Published on July 30th, 2019 | by Daniel Sherman Fernandez


Smart thinking product planners will survive tomorrow

Toyota Is Changing Their Products To Suit Millennial’s

Car marketers have been worried these past few years looking at how the next generation of car buyers might be diverting their attention away from ownership with the increased use of ride sharing and rising cost of living in the cities.

Asia seemed to be the last catchment area with rising car ownership and easy prey for some car brands to launch un-favoring products. This has changed fast as smart phones deliver global trends and up to date information, the millennials are now armed with more information than the older generation of car buyers and they are not easily duped into product dumping.

This is why only quick thinking product planners with smart car company bosses will survive. 

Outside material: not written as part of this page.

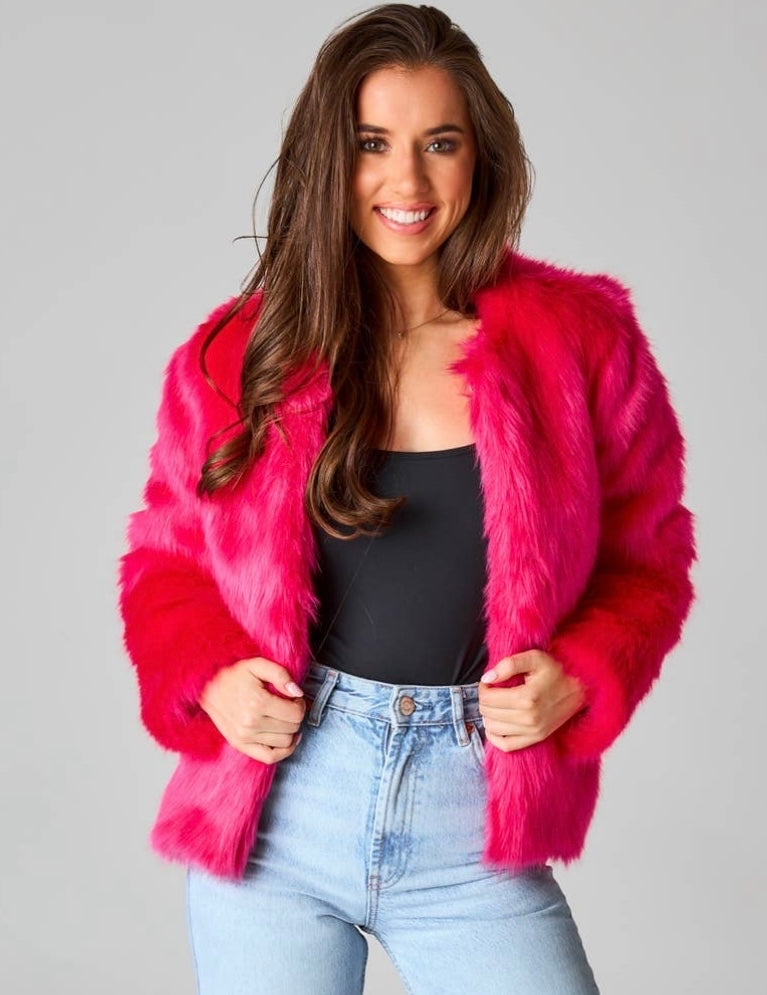 Buddy Love Hot Pink Faux Fur Jacket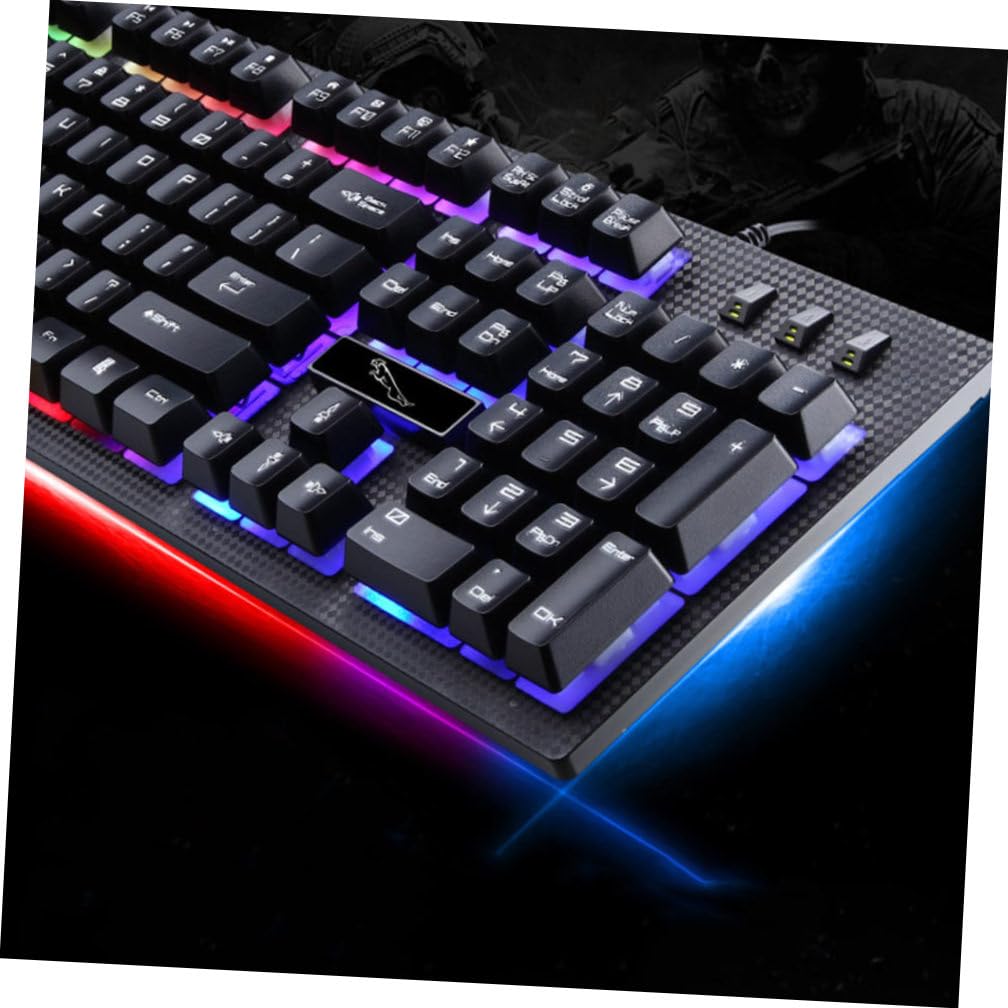 Kit Clavier et Souris de Jeu Filaire 104 Touches, Lumineux Noir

When it comes to connected cars, Toyota is betting on youth. That bet could complicate, in a positive way, some of the general ideas out there about the preferences of millennial consumers.

The venerable car brand’s redesigned Corolla Sport hatchback and its newest Crown model are reportedly Toyota’s “first generation of fully connected cars,” featuring technology that enables such tasks as closing car windows via drivers’ mobile phones and virtual assistance service that offers navigation guidance, among other benefits.

The integration of such tools is designed with those millennials in mind, part of the company’s effort to gain more revenue from a new generation of drivers. In Japan, for instance, the average owner of a Corolla sedan is 70 years old.

“At some point, Corolla became a car that attracted a much older customer,” said Yoshiki Konishi, chief engineer of the Toyota model. “Keeping that clientele is also very important, but what is needed now is a rebranding.”

The path to that future does not necessarily require the development of brand new technology. In fact, some of the features on those Toyota models are already familiar to drivers. The difference is marketing those vehicles as fully connected, a buzz that could serve to attract those young drivers.

That might seem to go against some apparent trends, not only in the automotive industry but the wider world of payments and commerce, where millennials are often assumed to be more interested in sharing or renting than owning a view based on those consumers’ debt loads and a relatively slow march to affluence and wealth.